Она стояла перед ним с коробкой, полной рождественских открыток.

– Сколько ж мы их отпечатали? – спросил он.

– Двести.

– А сколько отослали?

– Около ста.

– Ох, какая расточительность. А их можно использовать как-то еще?

– Нет, это же рождественские открытки, на них проставлен девяносто пятый год.

– Хорошо, выкиньте их, но оставьте несколько для архива.

– Какого архива? – спросила она.

– Кэсси, но вы ведь как-то подшиваете старые документы?

В дверь постучали, и Кэсси поставила коробку на его стол и отправилась открывать. К коробке прилепилась фотография, сделанная прошлым летом на банкете Ардгласской ассоциации рыбаков, который посетила ее президент Мэри Робинсон – она стояла в первом ряду. Остальными участниками были владельцы судов с женами, а также Иззи с Джеймсом. На его жене – черное платье, жемчужные ожерелье и серьги, светлые волосы подхвачены черной бархатной лентой. Она сидела нога на ногу, обхватив руками колено. Он гордился тем, что у него такая привлекательная жена и что она нравится мужчинам, и он часто выражал ей свое восхищение. Джеймс пытался вспомнить, ссорились они в тот вечер или нет.

– С Новым годом! – сказала Кэсси, обращаясь к мужчине, что стоял в дверях, пригнув в голову. Он долго вытирал ноги, напустив в комнату холод. Джеймс встал из-за стола, увидел, что это Шон Кроули, и его раздражение сменилось любопытством.

– Привет, Шон, как поживаете? – сказал он.

– Может, чаю? – спросила Кэсси.

Движения Шона были медленными: он охлопывал карманы пальто, глядя себе под ноги, словно уронил что-то.

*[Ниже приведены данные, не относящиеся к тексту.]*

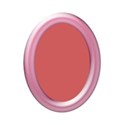 Oval Pink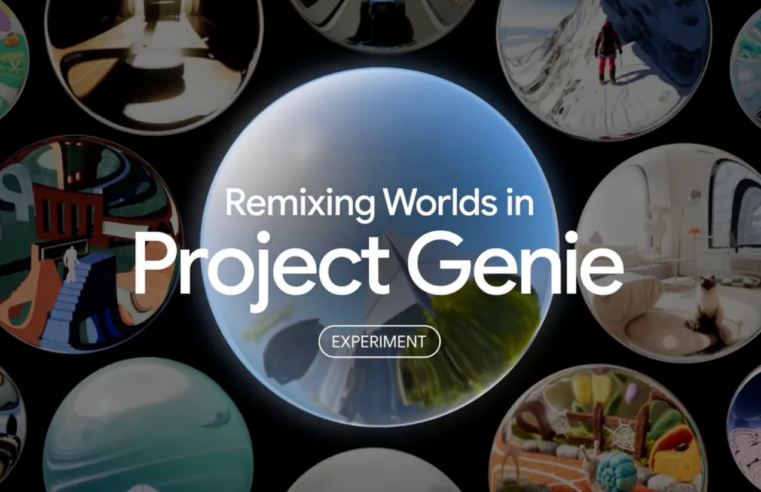 O fim dos consoles? Project Genie cria “GTA realista” em segundos e faz ações de gigantes dos games despencarem; VEJA O VÍDEO e entenda!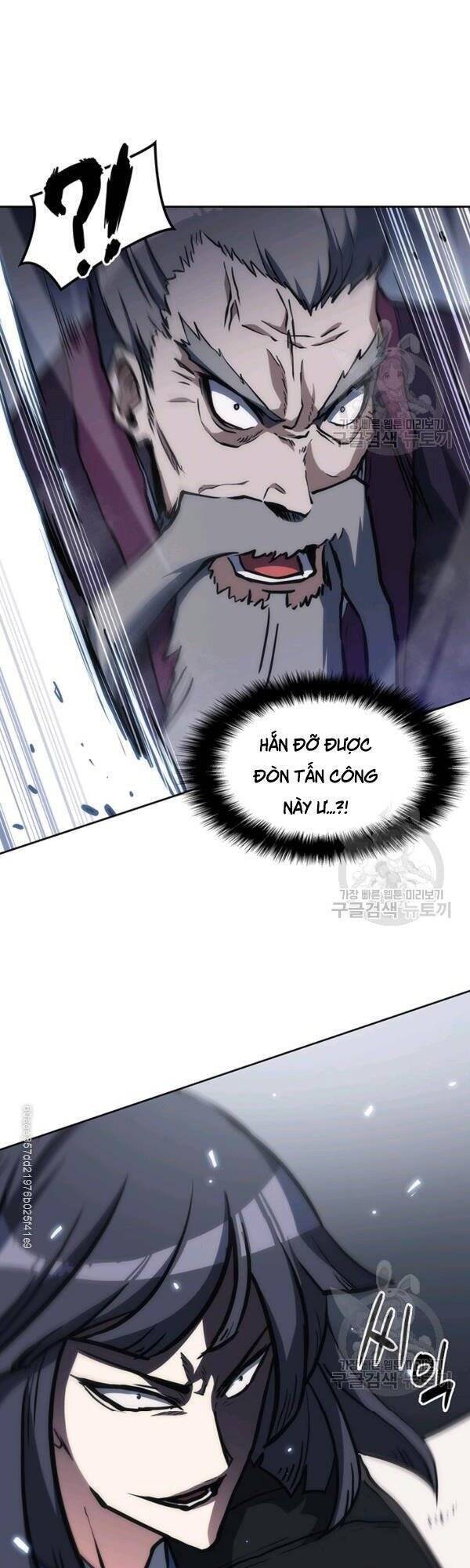 Sát Thủ 2044 Chapter 37 - Trang 44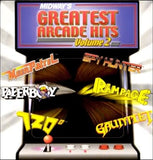 Midway's Greatest Arcade Hits Vol 2 for Dreamcast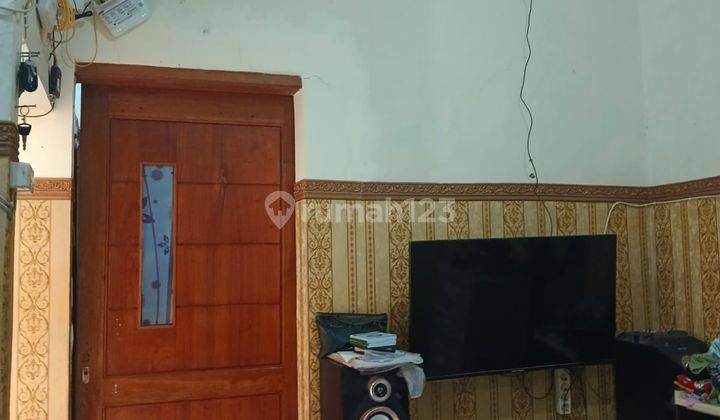 Disewakan Rumah Cantik Beserta 2 Ac Hanya 5 Menit Ke Citraland Di Benowo Surabaya 2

– Шон, так мне заварить чаю?

– Я ненадолго, спасибо.

– Присаживайтесь. – Джеймс указал на стул возле своего стола. – Чем могу быть полезен? Как провели Рождество?

Шон тяжело опустился на стул и, вяло откинувшись к спинке, вытащил из кармана вощеной куртки чехол для очков, достал оттуда маленькую белую бархотку и начал сосредоточенно протирать очки. Джеймс обратил внимание, что брюки его были на дюйм короче положенного, отчего над линией красных носков можно было разглядеть белую полоску кожи с волосками. Ботинки на нем были дорогие, кожаные, но их не мешало бы почистить. Верхние пуговицы его фланелевой рубашки были расстегнуты, являя миру фрагмент белой майки, из-под которой тоже торчали волоски.

Кэсси поставила на стол вторую чашку чая, и Шон подозрительно глянул на секретаршу, на секунду оторвавшись от протирания своих очков.

– Кэсси, вы не сходите к миссис Дохерти и не принесете сегодняшние газеты? – попросил Джеймс.

Она кивнула, взяла пальто с напольной вешалки, подхватила ключи и удалилась.

– Итак, Шон, чем обязан? – Джеймс оперся локтями о кожаную накладку на столе, сложив руки под подбородком.

Шон водрузил на нос очки, словно снова наконец увидел мир во всей красе, и поморгал, вглядываясь. Затем встал и зачем-то подошел к окну. Сцепив руки за спиной, он уставился на гавань и несколько раз покачал головой.

– Двадцать лет назад здесь стояло пятнадцать кораблей, а теперь их почти пятьдесят, – сказал он. – А через двадцать лет в море совсем не останется рыбы.

– Как же вы правы, Шон! Совершенно не думают о будущих поколениях. Потому-то я и не устаю повторять, что будущее города – за туризмом.